= WHAT IS EXPECTED =
Stop after the line containing "Lot 31 - An"; retype every line of the data before it exactly, starting from the first.

● ● ● ● ●

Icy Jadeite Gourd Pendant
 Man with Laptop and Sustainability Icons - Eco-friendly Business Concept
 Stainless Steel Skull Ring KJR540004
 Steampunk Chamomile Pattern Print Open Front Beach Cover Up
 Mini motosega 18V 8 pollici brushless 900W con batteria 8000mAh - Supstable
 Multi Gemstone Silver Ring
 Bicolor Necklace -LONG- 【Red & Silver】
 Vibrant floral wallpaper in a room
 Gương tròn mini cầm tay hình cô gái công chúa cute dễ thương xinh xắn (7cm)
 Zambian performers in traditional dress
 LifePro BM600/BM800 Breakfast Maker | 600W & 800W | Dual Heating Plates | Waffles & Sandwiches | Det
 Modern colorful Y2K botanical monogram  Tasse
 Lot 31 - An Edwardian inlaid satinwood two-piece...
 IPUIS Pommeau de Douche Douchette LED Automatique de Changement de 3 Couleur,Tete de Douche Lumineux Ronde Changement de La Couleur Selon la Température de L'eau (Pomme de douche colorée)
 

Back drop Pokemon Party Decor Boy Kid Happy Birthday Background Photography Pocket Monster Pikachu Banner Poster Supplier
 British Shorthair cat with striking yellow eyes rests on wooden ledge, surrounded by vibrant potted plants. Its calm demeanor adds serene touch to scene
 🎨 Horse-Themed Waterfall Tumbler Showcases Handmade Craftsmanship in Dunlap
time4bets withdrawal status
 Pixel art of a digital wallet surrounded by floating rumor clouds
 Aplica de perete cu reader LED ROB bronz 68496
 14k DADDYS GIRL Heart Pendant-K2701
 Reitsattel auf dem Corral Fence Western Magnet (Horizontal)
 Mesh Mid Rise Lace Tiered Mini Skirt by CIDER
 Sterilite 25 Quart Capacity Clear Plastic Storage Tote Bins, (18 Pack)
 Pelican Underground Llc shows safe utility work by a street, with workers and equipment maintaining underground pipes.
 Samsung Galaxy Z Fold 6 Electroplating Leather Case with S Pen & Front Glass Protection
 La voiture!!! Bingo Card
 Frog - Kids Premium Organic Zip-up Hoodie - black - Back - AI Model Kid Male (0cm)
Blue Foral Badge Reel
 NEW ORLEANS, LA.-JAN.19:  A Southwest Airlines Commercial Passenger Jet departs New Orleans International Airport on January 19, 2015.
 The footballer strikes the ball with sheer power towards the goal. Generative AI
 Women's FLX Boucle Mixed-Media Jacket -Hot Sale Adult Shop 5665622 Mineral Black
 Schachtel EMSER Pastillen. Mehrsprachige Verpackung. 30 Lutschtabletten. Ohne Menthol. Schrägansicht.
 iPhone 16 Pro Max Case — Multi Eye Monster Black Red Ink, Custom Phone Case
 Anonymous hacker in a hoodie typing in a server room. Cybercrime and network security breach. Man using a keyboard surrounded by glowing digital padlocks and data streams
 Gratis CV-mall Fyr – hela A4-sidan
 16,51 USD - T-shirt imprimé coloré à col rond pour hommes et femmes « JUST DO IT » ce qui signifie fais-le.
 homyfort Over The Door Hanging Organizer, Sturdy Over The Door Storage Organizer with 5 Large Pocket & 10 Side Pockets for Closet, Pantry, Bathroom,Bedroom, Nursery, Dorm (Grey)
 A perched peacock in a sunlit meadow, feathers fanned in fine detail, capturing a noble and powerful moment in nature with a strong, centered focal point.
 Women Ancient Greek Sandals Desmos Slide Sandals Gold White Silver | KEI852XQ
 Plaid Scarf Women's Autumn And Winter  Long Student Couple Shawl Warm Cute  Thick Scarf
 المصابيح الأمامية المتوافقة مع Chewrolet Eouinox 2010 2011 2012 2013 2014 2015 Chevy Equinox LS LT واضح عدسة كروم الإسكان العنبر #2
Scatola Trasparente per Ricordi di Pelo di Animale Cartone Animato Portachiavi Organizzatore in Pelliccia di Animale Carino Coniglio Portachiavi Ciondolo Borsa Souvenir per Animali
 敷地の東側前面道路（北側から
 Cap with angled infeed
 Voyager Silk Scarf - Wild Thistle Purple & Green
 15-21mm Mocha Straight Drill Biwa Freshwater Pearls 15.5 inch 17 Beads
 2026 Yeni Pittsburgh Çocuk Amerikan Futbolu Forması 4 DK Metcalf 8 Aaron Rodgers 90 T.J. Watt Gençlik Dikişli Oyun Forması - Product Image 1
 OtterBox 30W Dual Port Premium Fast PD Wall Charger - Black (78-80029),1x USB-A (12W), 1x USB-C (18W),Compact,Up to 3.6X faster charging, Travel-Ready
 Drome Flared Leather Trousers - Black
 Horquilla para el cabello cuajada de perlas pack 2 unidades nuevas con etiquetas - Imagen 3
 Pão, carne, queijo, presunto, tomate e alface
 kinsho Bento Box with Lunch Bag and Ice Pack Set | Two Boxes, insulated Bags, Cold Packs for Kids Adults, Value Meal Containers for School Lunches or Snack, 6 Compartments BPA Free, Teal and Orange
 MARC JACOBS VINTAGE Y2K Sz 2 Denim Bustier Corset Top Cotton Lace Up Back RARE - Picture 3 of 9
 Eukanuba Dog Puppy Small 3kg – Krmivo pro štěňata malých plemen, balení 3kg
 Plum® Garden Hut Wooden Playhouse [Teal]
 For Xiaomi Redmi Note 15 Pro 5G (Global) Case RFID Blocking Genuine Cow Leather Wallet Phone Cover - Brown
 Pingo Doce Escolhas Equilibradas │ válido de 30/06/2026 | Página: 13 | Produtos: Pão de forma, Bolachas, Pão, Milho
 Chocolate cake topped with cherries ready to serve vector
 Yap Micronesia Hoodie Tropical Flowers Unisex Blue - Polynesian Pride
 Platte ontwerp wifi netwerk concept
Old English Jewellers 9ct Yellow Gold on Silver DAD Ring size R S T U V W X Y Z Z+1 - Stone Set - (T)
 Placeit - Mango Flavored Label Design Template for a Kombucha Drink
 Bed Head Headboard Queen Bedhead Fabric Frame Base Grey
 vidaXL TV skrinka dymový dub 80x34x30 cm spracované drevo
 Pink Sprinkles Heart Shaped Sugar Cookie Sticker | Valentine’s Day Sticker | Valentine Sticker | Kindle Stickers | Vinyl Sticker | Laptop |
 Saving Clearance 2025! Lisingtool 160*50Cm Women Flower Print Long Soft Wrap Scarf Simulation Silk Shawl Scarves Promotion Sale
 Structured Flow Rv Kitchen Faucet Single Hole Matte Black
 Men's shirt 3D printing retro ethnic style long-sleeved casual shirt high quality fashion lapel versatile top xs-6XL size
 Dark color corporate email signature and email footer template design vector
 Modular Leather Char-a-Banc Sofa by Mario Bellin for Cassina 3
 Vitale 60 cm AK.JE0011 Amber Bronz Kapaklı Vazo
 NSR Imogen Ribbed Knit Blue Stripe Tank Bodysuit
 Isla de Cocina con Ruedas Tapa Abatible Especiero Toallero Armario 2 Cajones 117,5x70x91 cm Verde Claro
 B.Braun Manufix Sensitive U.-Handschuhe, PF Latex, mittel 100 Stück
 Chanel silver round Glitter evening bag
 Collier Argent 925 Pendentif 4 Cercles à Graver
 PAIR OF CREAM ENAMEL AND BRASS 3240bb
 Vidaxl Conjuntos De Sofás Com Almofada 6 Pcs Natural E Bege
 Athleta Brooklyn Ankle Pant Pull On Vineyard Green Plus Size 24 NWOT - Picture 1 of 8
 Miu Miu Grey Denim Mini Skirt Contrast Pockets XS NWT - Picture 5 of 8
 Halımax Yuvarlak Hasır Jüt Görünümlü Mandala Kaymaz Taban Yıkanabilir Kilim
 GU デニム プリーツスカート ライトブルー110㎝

● ● ● ● ●

= TASK OUTPUT =
Icy Jadeite Gourd Pendant
 Man with Laptop and Sustainability Icons - Eco-friendly Business Concept
 Stainless Steel Skull Ring KJR540004
 Steampunk Chamomile Pattern Print Open Front Beach Cover Up
 Mini motosega 18V 8 pollici brushless 900W con batteria 8000mAh - Supstable
 Multi Gemstone Silver Ring
 Bicolor Necklace -LONG- 【Red & Silver】
 Vibrant floral wallpaper in a room
 Gương tròn mini cầm tay hình cô gái công chúa cute dễ thương xinh xắn (7cm)
 Zambian performers in traditional dress
 LifePro BM600/BM800 Breakfast Maker | 600W & 800W | Dual Heating Plates | Waffles & Sandwiches | Det
 Modern colorful Y2K botanical monogram  Tasse
 Lot 31 - An Edwardian inlaid satinwood two-piece...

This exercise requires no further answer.